My question is: What do I do to suggest my fix to the developer team of VLC? Also, I made the change on Linux (where it's much easier to setup a development environment for VLC), but I'd really like a Windows VLC version with this feature, and I don't know how to build a Windows version.
In the long run, full support for bidi in VLC would include adding two options in the subtitles preferences:
  • Use RTL paragraph order for RTL subtitles - this would be set to false until more players really support RTL languages. BTW, I checked with a friend who speaks Arabic, and it seems that Arabic subtitles also assume LTR order.
  • Fix Microsoft bidi problems - this would be set to true by default to handle hyphens properly.
This would make VLC play Hebrew (and Arabic, as far as I could check) subtitles properly, and allow for *real* support for RTL Unicode-based subtitles.

One final thing - I have the "fixed" freebidi.c source, and would have published it here, but it doesn't look like I can add attachments to messages in this forum.

Barak

Posted: 15 Nov 2005 20:03
by ipkiss
You can send a patch (generated using the 'svn diff' command) to the vlc-devel@videolan.org mailing-list. It will be reviewed, and if everything is fine, it will be integrated in svn (hence available in the windows nightly builds too).

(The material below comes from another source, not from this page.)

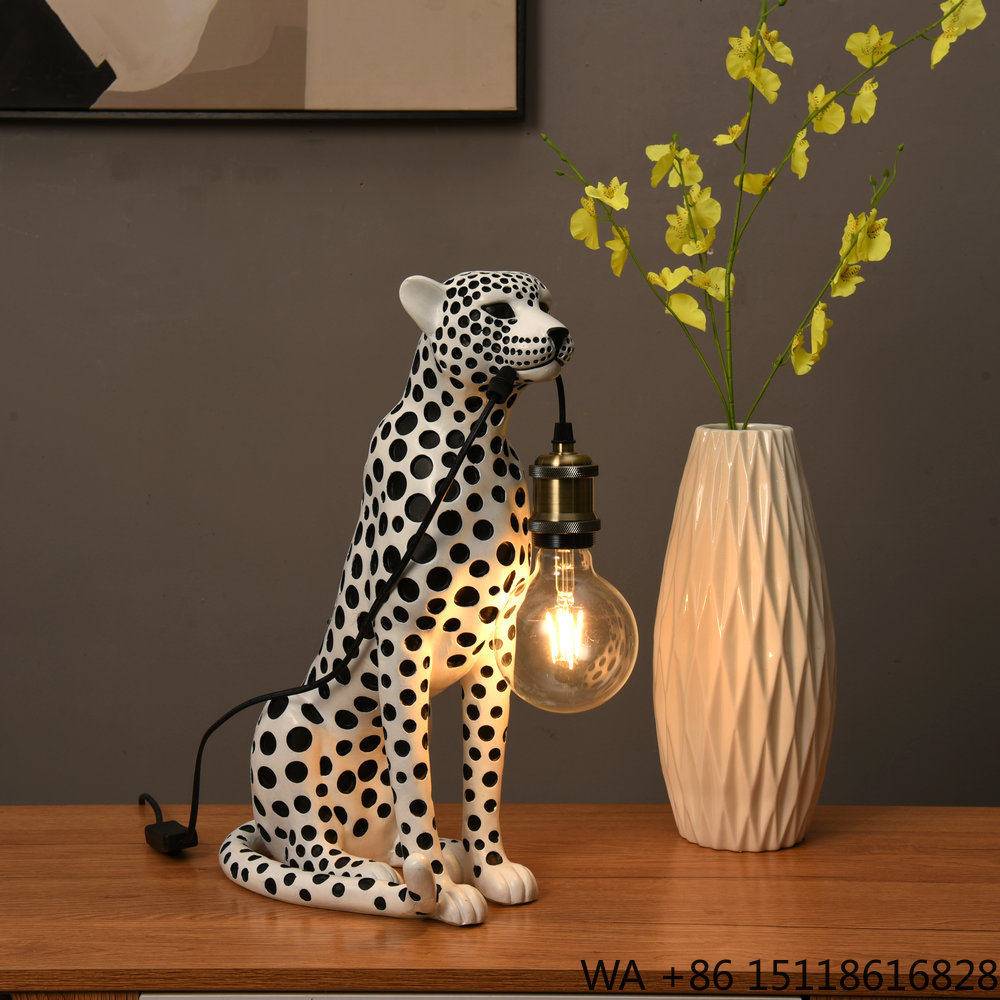 Moderne kunst dierenluipaard h - Resin Art Lamp recensie en prijs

As for how to build a windows binary, detailed instructions are in the INSTALL.win32 file.

How do I get the nightly build?

Posted: 14 Dec 2005 10:35
by barakori
Okay, my patch was approved and implemented. Now please tell me where I can find the nightly builds... I looked in all the VLC tabs and the developers area but couldn't find it. Maybe it's my eyes...

Posted: 14 Dec 2005 14:29
by ARTillery
thanks.

I use windows XP pro SP2 with the default system fonts(Arial and tahoma for the most parts).

u can also send me the fix or tell me where can I get it to try it out if u like.

Posted: 14 Dec 2005 23:10
by dionoea
The nightly builds are hosted at: http://nightlies.videolan.org

Hebew fix - what about MAC

Posted: 16 Jan 2006 16:05
by skipper
when will we see a MAC update too ?

Last letter display first

Posted: 12 Feb 2006 09:54
by assaf
It seems that the issues with hebrew subtitles are not fully resolved.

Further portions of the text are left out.